━━━ INFORMATION SUPPLIED ━━━

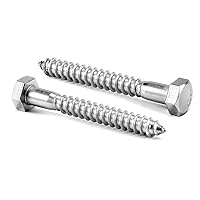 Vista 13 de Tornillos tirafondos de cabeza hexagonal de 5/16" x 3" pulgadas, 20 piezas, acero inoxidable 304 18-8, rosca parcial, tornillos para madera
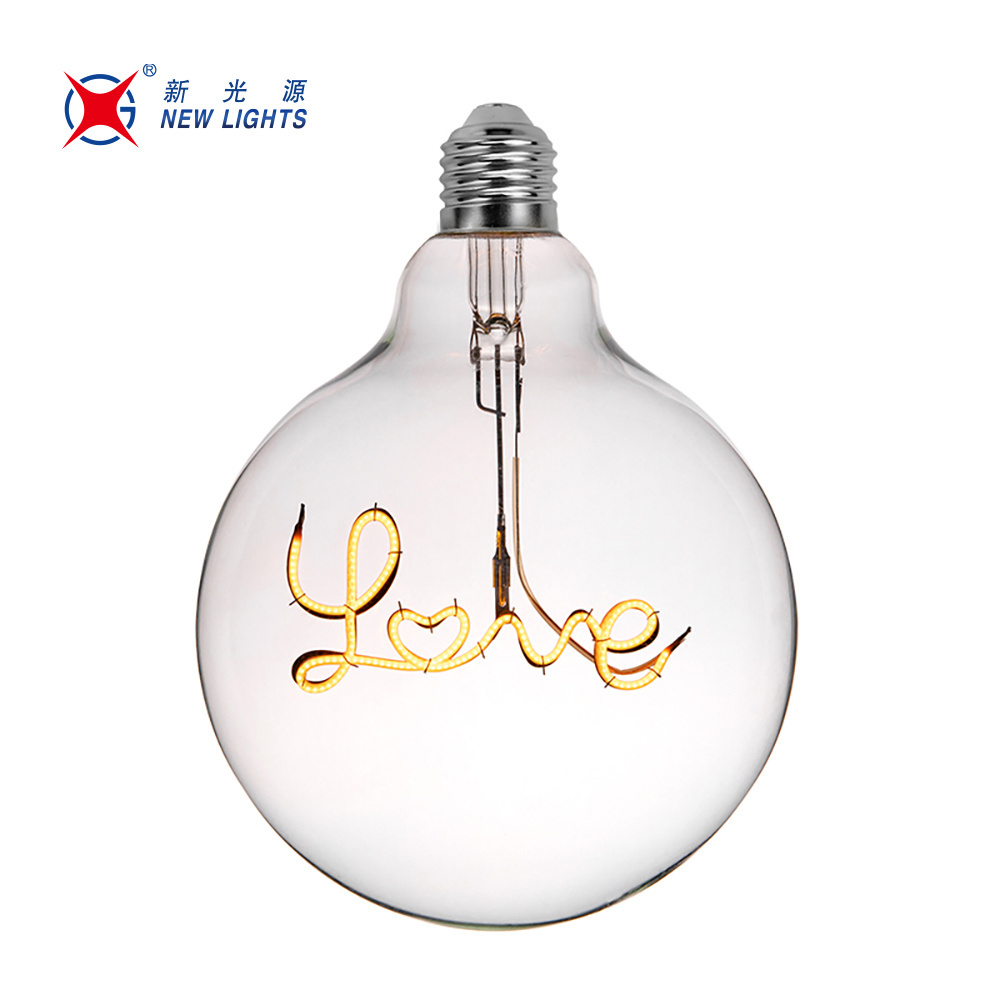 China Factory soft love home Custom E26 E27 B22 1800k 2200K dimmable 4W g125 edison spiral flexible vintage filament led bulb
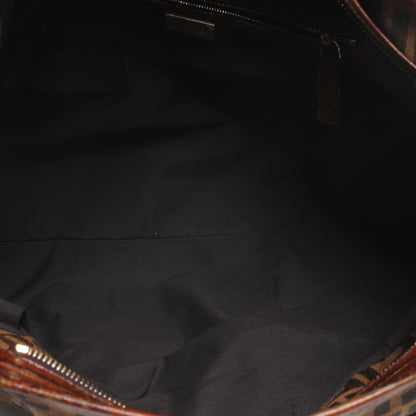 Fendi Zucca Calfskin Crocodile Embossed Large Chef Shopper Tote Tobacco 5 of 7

━━━

Print the whole listing above exactly, and keep every picture out of the copy.

 Vista 13 de Tornillos tirafondos de cabeza hexagonal de 5/16" x 3" pulgadas, 20 piezas, acero inoxidable 304 18-8, rosca parcial, tornillos para madera
 China Factory soft love home Custom E26 E27 B22 1800k 2200K dimmable 4W g125 edison spiral flexible vintage filament led bulb
 Fendi Zucca Calfskin Crocodile Embossed Large Chef Shopper Tote Tobacco 5 of 7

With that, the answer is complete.